▶ **Given records**:
*-*-*
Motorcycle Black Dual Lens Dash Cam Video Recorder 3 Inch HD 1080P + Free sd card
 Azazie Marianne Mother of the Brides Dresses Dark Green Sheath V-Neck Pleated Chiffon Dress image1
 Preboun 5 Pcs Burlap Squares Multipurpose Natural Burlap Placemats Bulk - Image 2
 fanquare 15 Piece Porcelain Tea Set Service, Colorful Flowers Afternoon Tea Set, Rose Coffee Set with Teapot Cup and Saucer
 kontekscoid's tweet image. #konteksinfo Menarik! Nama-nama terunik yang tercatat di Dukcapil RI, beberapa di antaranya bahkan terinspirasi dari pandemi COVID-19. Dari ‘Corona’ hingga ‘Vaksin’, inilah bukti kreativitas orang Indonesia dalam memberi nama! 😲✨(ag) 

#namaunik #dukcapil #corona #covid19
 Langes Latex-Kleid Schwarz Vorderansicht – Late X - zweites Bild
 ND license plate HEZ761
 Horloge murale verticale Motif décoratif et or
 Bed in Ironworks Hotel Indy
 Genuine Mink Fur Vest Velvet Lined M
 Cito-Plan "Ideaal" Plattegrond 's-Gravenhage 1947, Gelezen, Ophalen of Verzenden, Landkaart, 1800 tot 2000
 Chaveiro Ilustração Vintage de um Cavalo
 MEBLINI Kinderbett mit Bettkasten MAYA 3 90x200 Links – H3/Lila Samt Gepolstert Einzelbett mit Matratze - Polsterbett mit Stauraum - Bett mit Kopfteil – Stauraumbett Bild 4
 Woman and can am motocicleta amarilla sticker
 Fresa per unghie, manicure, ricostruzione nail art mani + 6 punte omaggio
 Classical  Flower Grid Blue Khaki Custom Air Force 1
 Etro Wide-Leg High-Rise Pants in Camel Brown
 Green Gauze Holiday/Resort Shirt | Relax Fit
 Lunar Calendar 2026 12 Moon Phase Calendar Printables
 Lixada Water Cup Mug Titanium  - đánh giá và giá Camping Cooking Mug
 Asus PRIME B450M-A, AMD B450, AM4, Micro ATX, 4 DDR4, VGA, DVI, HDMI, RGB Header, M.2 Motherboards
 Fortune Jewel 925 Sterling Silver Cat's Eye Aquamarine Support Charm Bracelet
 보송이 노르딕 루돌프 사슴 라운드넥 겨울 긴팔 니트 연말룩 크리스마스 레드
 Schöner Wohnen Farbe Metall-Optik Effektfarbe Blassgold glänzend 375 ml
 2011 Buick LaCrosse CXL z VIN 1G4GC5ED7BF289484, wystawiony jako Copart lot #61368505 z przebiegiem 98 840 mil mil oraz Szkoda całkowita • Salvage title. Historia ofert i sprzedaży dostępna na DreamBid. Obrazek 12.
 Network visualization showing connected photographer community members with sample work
*-*-*
▶ **Task to carry out**: Every line of the records that includes the word "with" should be gathered.

▶ **Exercise answer**:
 fanquare 15 Piece Porcelain Tea Set Service, Colorful Flowers Afternoon Tea Set, Rose Coffee Set with Teapot Cup and Saucer
 Network visualization showing connected photographer community members with sample work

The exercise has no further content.